Par ailleurs, nous avons pu observer que la présence et la survivance de traces symboliques d’un passé douloureux constituent une entrave importante à la redéfinition de soi-même. L’Allemagne et l’Espagne actuelles ne se reconnaissent pas dans les symboles hérités de leurs passés nazi, communiste et franquiste. Au-delà de la valeur historique ou architecturale, l’effacement des symboles, des noms et des monuments doit être considéré comme un signe très fort de la part des pouvoirs publics qui signifient qu’ils se positionnent en rupture avec un passé indésirable et dévalorisant et dont la symbolique n’est plus admise au sein de l’espace public.

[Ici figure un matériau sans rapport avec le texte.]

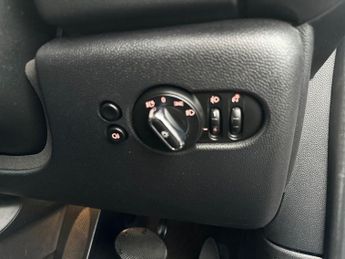 MINI HATCHBACK Cooper 5Dr Classic 1.5 Auto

Enfin, le traitement et la réparation éventuelle des crimes commis demeurent une question extrêmement cruciale et sensible. La recherche des responsabilités et la condamnation des acteurs dépendent non seulement du droit national mais aussi de la législation internationale lorsque ceux-ci relèvent des crimes contre l’humanité. Quand les enquêtes et les sanctions ne sont pas rapidement menées et imposées par une force occupante ou dominante, comme à deux reprises en Allemagne (démocraties importées), il est autrement plus difficile de réussir l’exercice d’un ‘auto-nettoyage’ politique et juridique à court terme. L’exemple de l’Espagne prouve à quel point l’absence d’un ou de plusieurs ‘grands frères’ nécessite une coordination temporelle (transitions) et spatiale (cartographies) dans la durée. Force est de constater qu’à l’heure actuelle, les deux approches de démocratisation, celle de la justice du vainqueur, rapide et radicale, tout comme celle de la justice transitionnelle, plus prudente et précautionneuse, servent de point de repère à d’autres pays en voie de démocratisation.